April 10th 2011, 04:21 AM
Plato

Quote:

Originally Posted by ragnar

I see in this Wolfram page the computation for two pair in a five-card hand, and I understand everything except the division by 2!.

You did not give us a link. So there is no way to comment.
But there are $\desplaystyle\binom{13}{2}\binom{4}{2}^2(44)$ ways to have two pairs.
April 10th 2011, 09:33 AM
ragnar

Wolfram Poker

Sorry about that; the result of no sleep.

So as I understand your presentation of the answer, choose two face-values regardless of order, then for each choose two suits, regardless of order. Then choose a last card. But in the last part, we just multiply--so doesn't this distinguish hands by their order? Wouldn't this count the hand (2H)(2D)(3H)(3D)(4H) as distinct from (4H)(2H)(2D)(3H)(3D)? So do we need to divide by something, or since we just did the choice of the pairs and then the choice of the onesie, is the later kind of hand not counted at all?
April 10th 2011, 09:51 AM
Plato

Quote:

Originally Posted by ragnar

Wouldn't this count the hand (2H)(2D)(3H)(3D)(4H) as distinct from (4H)(2H)(2D)(3H)(3D)?

Absolutely not.
Order is not considered at all.
April 10th 2011, 10:13 AM
ragnar

But my question is more like why that's the case. It seems like it should. If I were finding the number of ways of arranging 5 people in three seats, I'd just multiply the possibilities for the first seat (5) by the possibilities for the second (4) by the possibilities for the third (3). If I want to disregard order I need to also divide by the factorial of the number of seats.

So I'm trying to understand why this case is different. Here we just multiplied the number of ways of choosing two pair by the number of ways of choosing the remaining card. It would seem to me that this is like the first case, and to disregard order we would need to divide by something.

Is that not true of this case because we basically count only the hands where the onesie card comes last, and equate such hands with all other orderings of the same cards--whereas in the case of people in seats, we cannot distinguish one seat from another in the way that we distinguish the onsie from the two pairs?
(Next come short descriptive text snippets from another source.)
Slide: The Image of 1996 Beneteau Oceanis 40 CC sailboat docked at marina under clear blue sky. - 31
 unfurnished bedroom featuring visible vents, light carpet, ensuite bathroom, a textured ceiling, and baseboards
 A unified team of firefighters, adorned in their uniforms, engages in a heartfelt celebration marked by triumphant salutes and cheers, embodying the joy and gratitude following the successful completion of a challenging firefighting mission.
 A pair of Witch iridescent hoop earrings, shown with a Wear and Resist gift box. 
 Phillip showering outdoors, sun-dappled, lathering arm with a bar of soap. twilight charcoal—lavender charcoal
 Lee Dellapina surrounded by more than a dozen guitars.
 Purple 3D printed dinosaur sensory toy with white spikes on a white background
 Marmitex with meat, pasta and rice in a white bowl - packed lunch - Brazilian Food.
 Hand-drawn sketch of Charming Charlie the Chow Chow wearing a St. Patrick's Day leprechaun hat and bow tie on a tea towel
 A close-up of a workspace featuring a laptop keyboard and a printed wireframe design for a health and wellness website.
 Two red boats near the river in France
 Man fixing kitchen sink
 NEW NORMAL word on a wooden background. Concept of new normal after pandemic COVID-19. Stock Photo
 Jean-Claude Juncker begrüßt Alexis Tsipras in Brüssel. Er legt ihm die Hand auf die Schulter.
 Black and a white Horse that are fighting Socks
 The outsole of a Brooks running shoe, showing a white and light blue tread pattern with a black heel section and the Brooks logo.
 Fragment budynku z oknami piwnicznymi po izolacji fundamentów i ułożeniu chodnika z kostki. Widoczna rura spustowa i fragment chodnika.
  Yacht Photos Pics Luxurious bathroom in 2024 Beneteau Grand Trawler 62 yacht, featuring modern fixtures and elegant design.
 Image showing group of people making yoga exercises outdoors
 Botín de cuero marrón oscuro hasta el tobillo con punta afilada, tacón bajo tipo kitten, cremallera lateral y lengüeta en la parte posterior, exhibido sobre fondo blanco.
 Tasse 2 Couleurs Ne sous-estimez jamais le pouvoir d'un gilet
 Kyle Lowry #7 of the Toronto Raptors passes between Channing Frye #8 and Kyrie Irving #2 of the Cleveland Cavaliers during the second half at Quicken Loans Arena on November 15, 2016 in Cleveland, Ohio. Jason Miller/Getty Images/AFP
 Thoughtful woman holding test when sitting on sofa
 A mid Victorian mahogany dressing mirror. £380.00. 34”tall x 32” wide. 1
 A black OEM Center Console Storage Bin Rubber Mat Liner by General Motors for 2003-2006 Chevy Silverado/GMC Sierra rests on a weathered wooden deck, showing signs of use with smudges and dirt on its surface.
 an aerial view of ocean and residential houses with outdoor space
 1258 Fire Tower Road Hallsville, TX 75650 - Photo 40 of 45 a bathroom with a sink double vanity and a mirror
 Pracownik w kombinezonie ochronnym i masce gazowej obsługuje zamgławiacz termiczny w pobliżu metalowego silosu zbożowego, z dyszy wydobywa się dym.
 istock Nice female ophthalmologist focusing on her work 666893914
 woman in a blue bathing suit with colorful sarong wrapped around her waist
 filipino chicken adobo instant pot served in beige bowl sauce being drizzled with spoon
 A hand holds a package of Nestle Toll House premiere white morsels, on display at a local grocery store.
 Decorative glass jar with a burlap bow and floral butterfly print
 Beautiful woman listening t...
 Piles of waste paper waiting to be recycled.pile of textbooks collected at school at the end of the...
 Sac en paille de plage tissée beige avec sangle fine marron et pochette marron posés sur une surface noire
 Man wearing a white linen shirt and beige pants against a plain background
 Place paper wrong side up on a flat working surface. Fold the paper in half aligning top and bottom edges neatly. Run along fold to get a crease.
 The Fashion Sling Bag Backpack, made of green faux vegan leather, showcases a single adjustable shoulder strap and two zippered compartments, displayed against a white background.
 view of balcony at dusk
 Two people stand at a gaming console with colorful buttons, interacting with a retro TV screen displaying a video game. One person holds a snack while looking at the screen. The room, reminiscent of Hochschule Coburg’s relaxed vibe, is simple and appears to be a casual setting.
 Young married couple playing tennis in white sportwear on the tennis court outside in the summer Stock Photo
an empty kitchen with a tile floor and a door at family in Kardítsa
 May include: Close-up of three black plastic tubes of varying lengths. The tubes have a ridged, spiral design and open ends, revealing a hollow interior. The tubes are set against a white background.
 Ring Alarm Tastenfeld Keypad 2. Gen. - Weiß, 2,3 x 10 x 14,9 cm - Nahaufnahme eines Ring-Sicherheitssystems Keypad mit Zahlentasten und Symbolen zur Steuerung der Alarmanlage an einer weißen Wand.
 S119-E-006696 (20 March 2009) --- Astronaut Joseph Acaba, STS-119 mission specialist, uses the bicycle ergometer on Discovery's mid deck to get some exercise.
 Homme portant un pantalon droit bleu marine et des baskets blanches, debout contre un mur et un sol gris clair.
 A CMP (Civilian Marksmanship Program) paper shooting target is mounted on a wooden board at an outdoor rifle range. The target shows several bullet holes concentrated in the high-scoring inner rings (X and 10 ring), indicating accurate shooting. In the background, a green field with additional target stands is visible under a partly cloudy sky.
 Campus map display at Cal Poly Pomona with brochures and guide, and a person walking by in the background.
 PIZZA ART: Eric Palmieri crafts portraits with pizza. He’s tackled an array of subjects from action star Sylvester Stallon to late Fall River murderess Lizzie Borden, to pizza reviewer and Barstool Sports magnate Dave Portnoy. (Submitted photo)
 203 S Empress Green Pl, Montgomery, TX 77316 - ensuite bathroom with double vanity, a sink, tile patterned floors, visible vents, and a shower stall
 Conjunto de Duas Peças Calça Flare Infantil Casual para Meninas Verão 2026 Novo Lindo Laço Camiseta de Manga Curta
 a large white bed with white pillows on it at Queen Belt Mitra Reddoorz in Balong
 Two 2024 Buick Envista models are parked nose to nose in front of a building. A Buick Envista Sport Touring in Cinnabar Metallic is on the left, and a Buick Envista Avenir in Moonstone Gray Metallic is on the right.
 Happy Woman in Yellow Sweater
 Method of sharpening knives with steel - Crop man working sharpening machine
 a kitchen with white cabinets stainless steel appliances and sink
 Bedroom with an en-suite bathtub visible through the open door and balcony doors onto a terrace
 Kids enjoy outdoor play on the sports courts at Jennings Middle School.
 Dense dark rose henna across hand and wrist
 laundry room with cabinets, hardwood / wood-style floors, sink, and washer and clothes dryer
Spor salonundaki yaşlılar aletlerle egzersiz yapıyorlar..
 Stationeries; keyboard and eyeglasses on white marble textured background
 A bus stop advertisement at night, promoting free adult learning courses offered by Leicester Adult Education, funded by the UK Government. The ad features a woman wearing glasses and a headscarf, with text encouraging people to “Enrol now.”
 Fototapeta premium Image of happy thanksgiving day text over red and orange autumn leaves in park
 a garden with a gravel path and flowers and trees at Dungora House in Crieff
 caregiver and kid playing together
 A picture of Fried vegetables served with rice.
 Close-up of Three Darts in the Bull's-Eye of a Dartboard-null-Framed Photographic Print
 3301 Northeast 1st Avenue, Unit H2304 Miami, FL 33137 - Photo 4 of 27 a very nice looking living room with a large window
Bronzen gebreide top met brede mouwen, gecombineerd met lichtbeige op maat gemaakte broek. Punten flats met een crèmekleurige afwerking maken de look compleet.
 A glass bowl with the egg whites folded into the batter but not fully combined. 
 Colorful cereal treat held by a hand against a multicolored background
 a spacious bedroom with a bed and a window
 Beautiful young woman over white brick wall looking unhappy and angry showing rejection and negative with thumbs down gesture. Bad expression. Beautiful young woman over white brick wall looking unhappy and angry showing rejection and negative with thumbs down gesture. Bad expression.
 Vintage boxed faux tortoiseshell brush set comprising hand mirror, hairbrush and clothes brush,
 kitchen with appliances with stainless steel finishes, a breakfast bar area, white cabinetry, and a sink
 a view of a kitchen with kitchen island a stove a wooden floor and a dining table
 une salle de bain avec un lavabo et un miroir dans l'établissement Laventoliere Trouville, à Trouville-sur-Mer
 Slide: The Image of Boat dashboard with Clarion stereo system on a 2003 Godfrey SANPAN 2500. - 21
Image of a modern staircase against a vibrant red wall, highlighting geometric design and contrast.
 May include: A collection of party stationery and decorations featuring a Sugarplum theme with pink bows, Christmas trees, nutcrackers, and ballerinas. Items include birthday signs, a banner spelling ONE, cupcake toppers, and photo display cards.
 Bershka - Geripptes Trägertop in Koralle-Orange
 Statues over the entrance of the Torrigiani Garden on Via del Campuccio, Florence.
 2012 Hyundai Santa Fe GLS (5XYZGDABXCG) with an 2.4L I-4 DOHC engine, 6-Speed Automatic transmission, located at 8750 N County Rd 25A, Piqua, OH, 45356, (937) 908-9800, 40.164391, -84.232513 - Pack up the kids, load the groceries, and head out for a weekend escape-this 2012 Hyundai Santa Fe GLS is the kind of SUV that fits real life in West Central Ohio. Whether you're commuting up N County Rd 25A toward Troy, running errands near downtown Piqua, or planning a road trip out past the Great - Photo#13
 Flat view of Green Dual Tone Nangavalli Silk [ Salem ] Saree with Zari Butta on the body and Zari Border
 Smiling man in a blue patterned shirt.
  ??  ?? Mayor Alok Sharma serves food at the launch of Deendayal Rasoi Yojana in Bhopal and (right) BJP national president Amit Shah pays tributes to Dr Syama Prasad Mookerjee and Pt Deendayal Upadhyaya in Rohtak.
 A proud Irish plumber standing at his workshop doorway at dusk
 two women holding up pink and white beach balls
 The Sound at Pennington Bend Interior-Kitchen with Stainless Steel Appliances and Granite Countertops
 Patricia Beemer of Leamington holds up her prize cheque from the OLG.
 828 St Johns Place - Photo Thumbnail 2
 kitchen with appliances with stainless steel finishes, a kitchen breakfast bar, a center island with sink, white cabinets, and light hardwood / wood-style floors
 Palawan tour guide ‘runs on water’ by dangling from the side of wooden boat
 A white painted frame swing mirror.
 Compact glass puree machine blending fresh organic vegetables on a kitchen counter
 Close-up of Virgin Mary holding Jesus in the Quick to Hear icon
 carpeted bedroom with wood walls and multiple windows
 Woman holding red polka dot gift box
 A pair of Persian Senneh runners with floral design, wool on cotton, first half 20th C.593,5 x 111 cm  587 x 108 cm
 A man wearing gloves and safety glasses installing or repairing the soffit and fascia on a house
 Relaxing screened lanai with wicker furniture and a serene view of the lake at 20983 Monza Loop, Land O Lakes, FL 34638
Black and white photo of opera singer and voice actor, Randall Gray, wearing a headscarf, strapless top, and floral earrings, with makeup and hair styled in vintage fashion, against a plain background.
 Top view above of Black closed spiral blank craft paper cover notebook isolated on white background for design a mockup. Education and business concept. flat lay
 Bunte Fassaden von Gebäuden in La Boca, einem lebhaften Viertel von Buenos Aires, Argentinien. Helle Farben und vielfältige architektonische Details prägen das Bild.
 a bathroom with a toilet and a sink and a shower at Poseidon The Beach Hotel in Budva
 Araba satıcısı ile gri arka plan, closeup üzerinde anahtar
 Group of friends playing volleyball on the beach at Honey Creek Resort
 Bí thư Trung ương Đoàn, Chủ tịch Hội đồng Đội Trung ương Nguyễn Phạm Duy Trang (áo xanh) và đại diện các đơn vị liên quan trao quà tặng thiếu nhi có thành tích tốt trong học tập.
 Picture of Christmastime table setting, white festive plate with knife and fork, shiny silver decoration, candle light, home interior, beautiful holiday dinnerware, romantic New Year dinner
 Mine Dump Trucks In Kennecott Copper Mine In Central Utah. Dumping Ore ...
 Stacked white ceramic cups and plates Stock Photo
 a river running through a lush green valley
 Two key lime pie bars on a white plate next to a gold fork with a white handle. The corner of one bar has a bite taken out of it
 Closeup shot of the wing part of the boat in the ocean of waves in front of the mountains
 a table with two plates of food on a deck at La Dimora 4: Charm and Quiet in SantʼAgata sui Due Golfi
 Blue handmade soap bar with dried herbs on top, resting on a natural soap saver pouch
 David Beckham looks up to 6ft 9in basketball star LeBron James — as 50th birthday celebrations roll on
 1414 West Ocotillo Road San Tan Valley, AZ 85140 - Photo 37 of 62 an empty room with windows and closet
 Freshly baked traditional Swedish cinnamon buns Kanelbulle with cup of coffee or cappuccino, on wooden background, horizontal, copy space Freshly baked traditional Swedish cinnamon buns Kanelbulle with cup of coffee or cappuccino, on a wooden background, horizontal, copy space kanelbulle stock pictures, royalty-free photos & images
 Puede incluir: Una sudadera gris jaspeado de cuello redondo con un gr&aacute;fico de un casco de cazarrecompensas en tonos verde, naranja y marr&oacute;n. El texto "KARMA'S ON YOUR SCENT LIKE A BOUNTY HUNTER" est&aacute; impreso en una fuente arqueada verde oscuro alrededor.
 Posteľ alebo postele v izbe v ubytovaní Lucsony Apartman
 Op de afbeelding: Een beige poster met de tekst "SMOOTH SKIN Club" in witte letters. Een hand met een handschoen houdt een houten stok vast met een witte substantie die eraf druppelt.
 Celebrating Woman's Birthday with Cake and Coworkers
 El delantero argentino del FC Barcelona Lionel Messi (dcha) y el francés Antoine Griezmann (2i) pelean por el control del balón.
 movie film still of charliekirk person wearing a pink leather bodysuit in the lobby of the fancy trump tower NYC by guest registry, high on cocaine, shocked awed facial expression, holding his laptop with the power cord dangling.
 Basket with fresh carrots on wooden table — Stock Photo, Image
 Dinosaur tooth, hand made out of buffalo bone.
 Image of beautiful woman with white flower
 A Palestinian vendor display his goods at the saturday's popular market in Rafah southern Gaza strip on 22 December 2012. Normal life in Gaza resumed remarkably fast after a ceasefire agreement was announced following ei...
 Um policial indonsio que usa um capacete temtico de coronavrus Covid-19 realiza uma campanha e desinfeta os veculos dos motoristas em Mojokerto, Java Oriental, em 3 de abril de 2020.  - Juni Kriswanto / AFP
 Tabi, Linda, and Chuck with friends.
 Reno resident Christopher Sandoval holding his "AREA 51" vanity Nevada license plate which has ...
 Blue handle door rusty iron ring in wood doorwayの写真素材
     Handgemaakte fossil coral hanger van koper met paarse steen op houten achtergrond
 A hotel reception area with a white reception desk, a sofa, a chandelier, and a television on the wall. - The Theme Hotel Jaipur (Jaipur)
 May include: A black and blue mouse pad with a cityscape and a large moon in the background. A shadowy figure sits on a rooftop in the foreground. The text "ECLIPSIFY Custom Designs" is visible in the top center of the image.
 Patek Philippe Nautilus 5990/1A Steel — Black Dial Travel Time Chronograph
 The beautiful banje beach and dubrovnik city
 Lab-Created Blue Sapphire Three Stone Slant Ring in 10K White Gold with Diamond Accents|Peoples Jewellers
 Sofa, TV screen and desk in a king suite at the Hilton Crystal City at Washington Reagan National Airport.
Something like that?
April 10th 2011, 10:47 AM
Plato

Quote:

Originally Posted by ragnar

But my question is more like why that's the case. It seems like it should. If I were finding the number of ways of arranging 5 people in three seats, I'd just multiply the possibilities for the first seat (5) by the possibilities for the second (4) by the possibilities for the third (3). If I want to disregard order I need to also divide by the factorial of the number of seats.

Arrangements are order driven.

Selections are content driven. Order makes no difference.
Think about a team of six children. It makes a different who is on the team(content). It makes no difference the order in which they are picked. Just who is selected.